4.c Managing yourself:
- It is extremely important to find ways to manage stress and take care of your health. Also, if your better-half and family understands the challenges of startups and supports/love you, the stress/difficulties reduces exponentially.
- Especially in software development phase, use productivity rather than hours worked as measure.
- Know the difference between persistence and stubbornness. Remember persistence (without stubbornness) requires learning and pivoting given new information/lessons, rather than doing same things over and over again expecting different results [6].
- When working in team, your idea is only good to the degree to which you can explain it. If your team doesn't understand it, you can almost be sure that your customer won't be able to understand it. This skill will probably require an entirely new blogpost (which I might write later), but for now here are three things you can do:
a. Read books about presentation/explanation/UI design: Design of everyday things, Don't make me thinkBack of NapkinArt of explanation, Whiteboard selling, slide:ology and 100 things every designer needs to know.
b. Learn empathy (i.e. relating to team/developers/sales and especially customers).
c. Be specific. If you don't break up tasks into smaller items and clarify the purpose/big picture, people (either your team or investor) might feel overwhelmed and can sometime get defensive. One particular thing that every member on your team needs to be very crystal clear about is "minimum viable product".

Let me recap the high-level steps [16] described until now in this blog series:

Step 0: Define your means: "what I know",  "what do I have" and "whom do I know".

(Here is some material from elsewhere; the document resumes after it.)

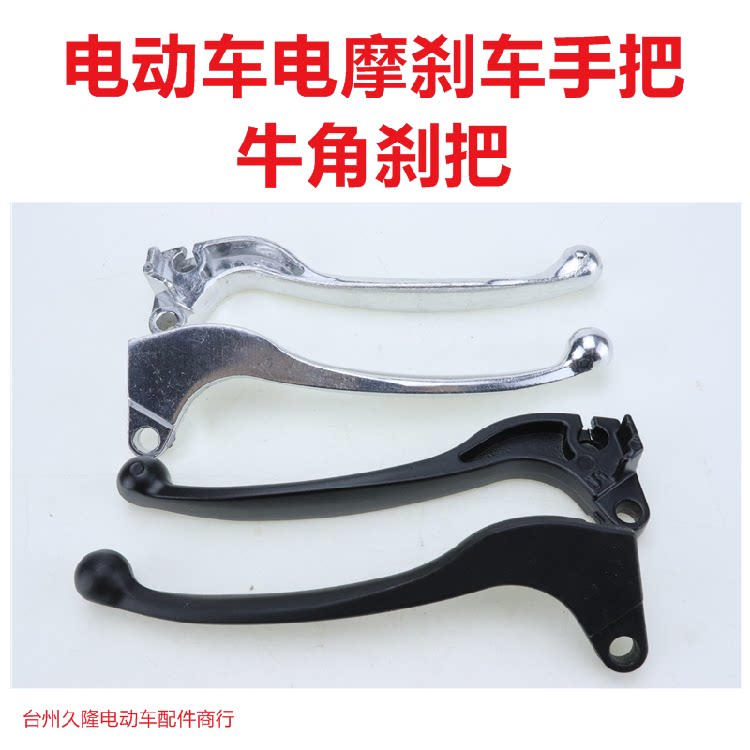 电动车刹车电镀手柄、牛角 车架刹柄、全铝刹把单支架（左、右）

Step 1: Ideation: See part 1 of this series for high-level tips.
Step 1.1: Being little more specific about step 1: Create/Refine 60 second elevator pitch: The key idea is if you meet a key investor/evangelist/strategic partner in an elevator and if he asks you what are you working on, you should be able to summarize your business idea before the elevator reaches certain floor and that person has to leave. Here are few suggestions about creating your elevator pitch:
- Sit down and write your elevator pitch without too much thinking. First iteration will always be awful.
- Iterate, rehearse, iterate again and then rehearse again (and keep doing this) until your elevator pitch becomes second nature to you.
- Talk to your customers and experts in that field and try to incorporate their feedback.
- Be honest and don't promise "world peace". Remember, your words represents your thoughts/character and the investor is investing in you as much as he/she is investing in the idea.
- There is no one way to do this, so learn-by-example; aka do youtube/google search for "elevator pitch" and listen to them [7].
- Use analogy to simplify the problem.
- If possible, explain how the problem affects you, your family or someone you know.
- The first and last sentence are extremely important and connecting them helps to create a more effective delivery.
Here is one of the iteration of my elevator pitch:
Studies show that in the US alone, one out of four women get sexually assaulted in their life-time. This number is much higher when they travel to developing countries like India. Though this problem is highly complex, we believe that a fraction of it can be solved by technology-based deterrents that act as first line of defense when in danger. We present one such solution: Vigilant. Vigilant is an affordable and hassle-free personal safety solution that connects you to friends, family and authorities during emergency with just a click of a button. The goal of Vigilant is to make everyones life safer with the help of smarter software and hardware.
Step 2: Opportunity evaluation:
Step 2.1: Use high-level checklist described in part 1 of this series.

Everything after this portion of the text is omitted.